5 Excuses That Are Holding Your Business Back
Every business owner is guilty of making these 5 detrimental excuses. Initially, they may not seem like a big deal, but over time, they really kill your growth potential. Excuses like the ones below will never separate you from the pack. They’ll keep you average at best, and will ruin your long term chance at success.
As the founder and CEO of top text message marketing provider, Slicktext.com, I promise I’ve used these excuses dozens of times. But, in order to keep seeing consistent results in my business, I needed to recognize these bad habits and stop them before they became a problem.
Here’s the top 5 excuses that are killing your business.
1. “There’s not enough time in the day.”
This is one of the most common excuses, I’m guilty of using it on occasion.
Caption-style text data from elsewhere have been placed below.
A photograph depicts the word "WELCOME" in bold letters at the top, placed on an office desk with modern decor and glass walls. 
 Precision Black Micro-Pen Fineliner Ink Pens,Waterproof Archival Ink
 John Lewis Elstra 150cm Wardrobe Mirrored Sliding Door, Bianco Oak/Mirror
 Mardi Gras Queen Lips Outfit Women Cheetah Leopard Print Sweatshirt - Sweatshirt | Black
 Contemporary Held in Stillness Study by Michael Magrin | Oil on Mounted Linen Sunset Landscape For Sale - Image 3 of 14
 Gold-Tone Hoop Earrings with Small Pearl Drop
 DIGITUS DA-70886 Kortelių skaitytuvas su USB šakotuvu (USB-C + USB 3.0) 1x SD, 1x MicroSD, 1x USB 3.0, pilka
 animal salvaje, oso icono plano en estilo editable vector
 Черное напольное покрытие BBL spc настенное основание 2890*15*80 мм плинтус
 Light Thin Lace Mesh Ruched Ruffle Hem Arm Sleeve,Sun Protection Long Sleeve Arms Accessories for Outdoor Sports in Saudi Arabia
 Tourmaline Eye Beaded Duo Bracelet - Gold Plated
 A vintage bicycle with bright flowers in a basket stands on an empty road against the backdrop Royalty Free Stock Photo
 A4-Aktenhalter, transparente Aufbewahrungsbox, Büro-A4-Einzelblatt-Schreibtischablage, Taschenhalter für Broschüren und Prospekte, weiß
The problem isn’t that you don’t have enough time, it’s that you don’t know how to properly manage the time you have. There are some great tools out there to help you organize your time. Do a Google search for time management resources, and find one that suits your needs.
2. “I don’t know how.”
Every successful business owner, I’m talking the ones who have really made it, know how to admit when they’re wrong or don’t know something. The difference is, they take time to seek out answers. Don’t let your lack of knowledge cripple your decision making process.
3. “It’s not in the budget.”
Although this is definitely a reasonable excuse, it’s not a good long term solution. The most expensive option might not always be the best, and, there’s always a way to get around budget constraints. If you can’t afford to spend money on a $1,000 campaign, then find an ulterior solution. If you think outside the box, you will find something that makes sense for your business and your budget.
4. “It’s already been done.”
So what if your competitors have taken advantage of a similar method? Never copy their exact strategy, but find a way to do it better. Figure out a way to execute a similar method, but at the same time, get better results.
5. “We will do it next week/month/year.”
Time is of the essence and a valuable decision making factor, but at the same time, don’t let it determine everything you do. I’m not saying launch all new ideas in 24 hours or less, but buy a marketing calendar. Schedule out campaigns, and make time for new initiatives.